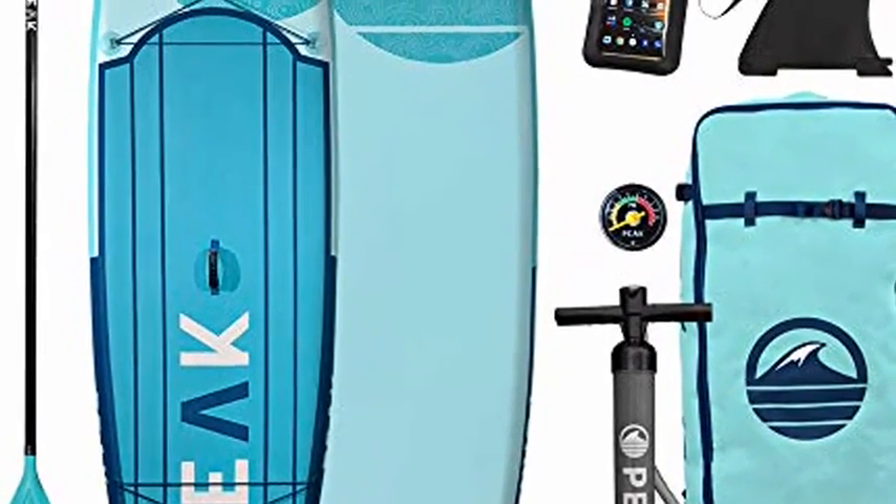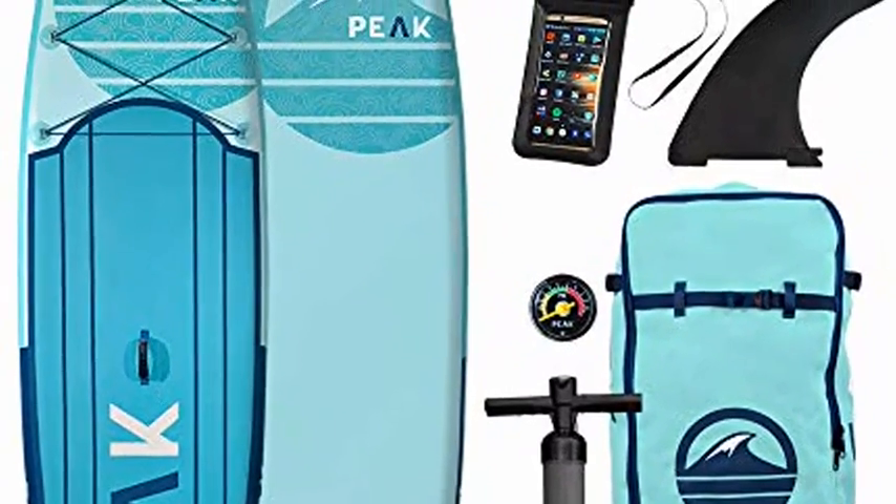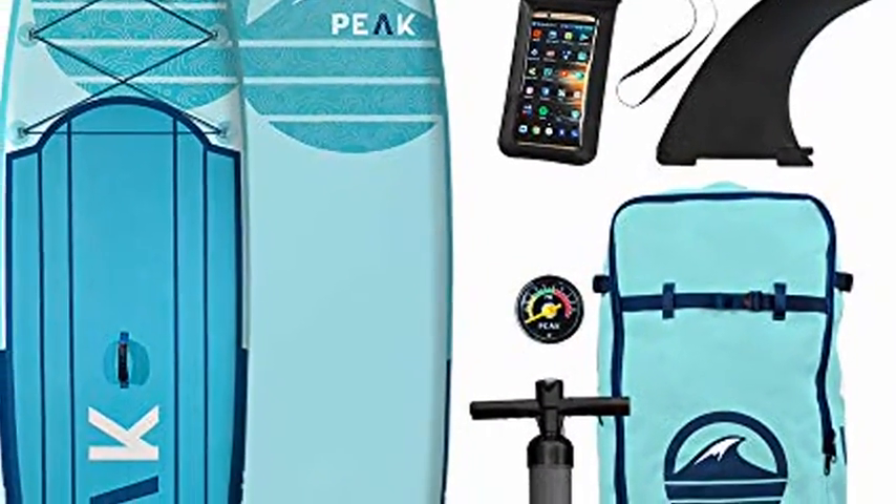Peak Expedition Inflatable Stand-Up Paddleboard 10-6. For more details, please click the blue link below in the description.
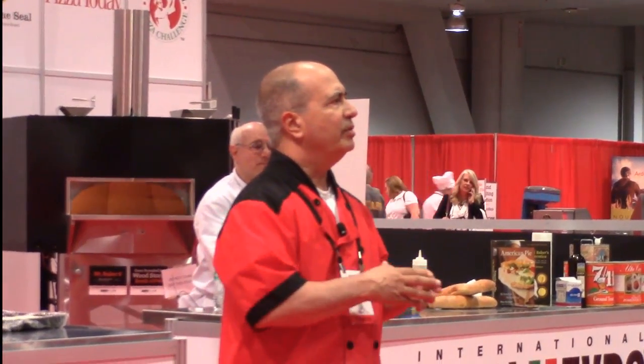It's based on the idea that it's got to be simple so that your employees can handle it. The overview is: you'll be making dough, shaping it, putting it in your cooler, and then the next morning your staff comes in, throws it in the oven, and you have fresh bread for the day.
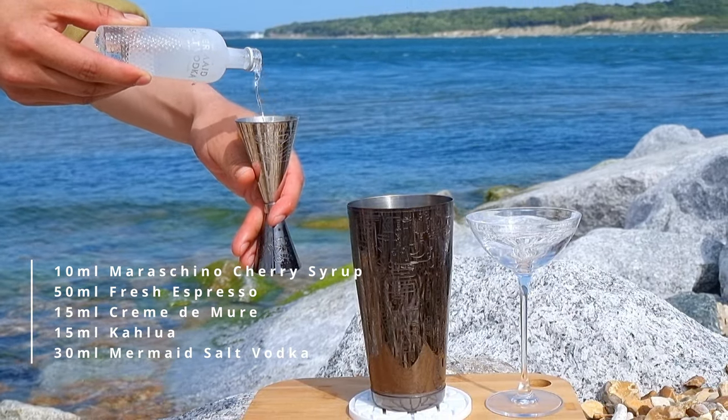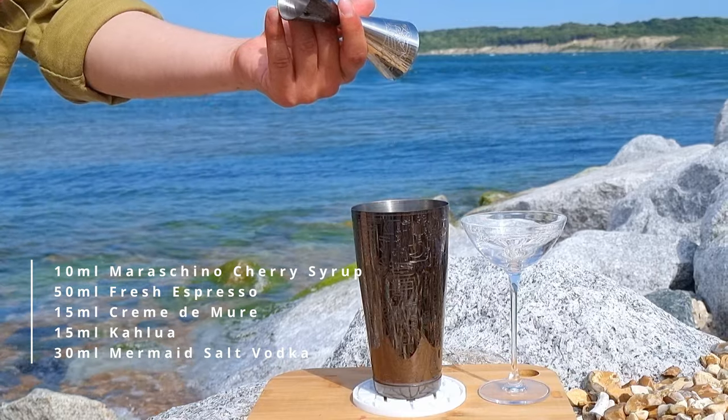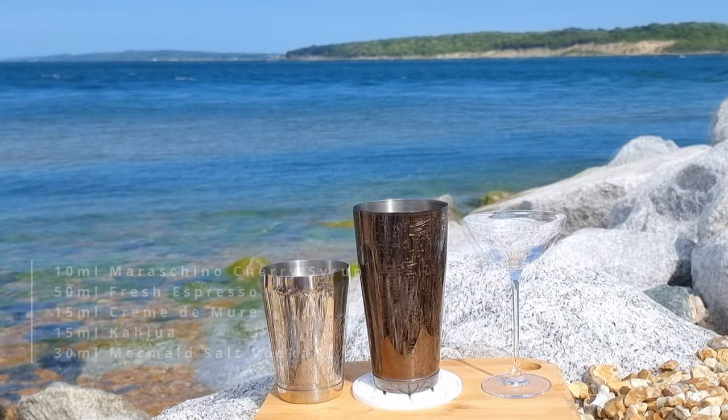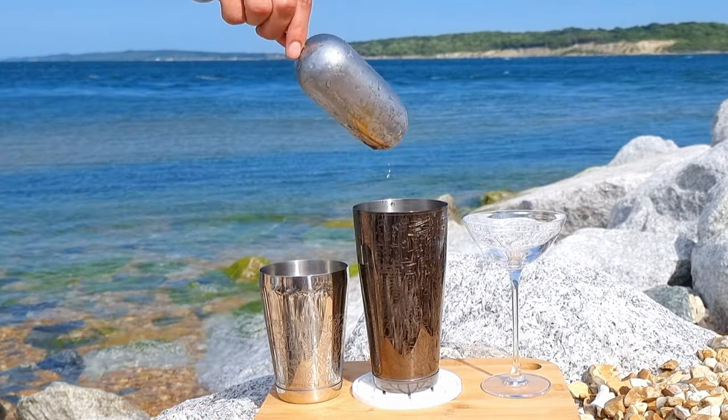As we have two liqueurs in this recipe, the cocktail may be on the sweet side, but the saltiness of the vodka will balance those flavours out. Finally, add your ice to the tin and shake that bad boy up. You want to give your espresso martini a good hard shake here, to make sure you add lots of air to the liquid, so you get that thick and creamy froth that we all know and love.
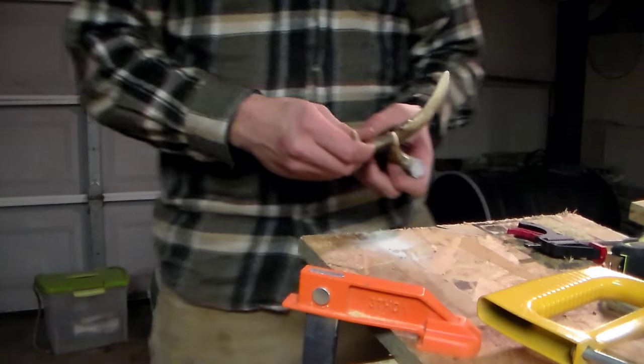So that was part one of the coat hanger project. What we got done: the antlers cut, the raw lumber all sized up and ready to go. Part two is going to cover finishing the board, finishing the antlers, mounting everything together, doing a lacquer finish, and any other finishing touches I have in store. You're definitely not going to want to miss part two - stay tuned.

▶ **Task requirements**: Without any pictures, reproduce the lines from the first one in the material through the line that has "It's based on", exactly as they appear.

▶ **Response below**:
Peak Expedition Inflatable Stand-Up Paddleboard 10-6. For more details, please click the blue link below in the description.
It's based on the idea that it's got to be simple so that your employees can handle it. The overview is: you'll be making dough, shaping it, putting it in your cooler, and then the next morning your staff comes in, throws it in the oven, and you have fresh bread for the day.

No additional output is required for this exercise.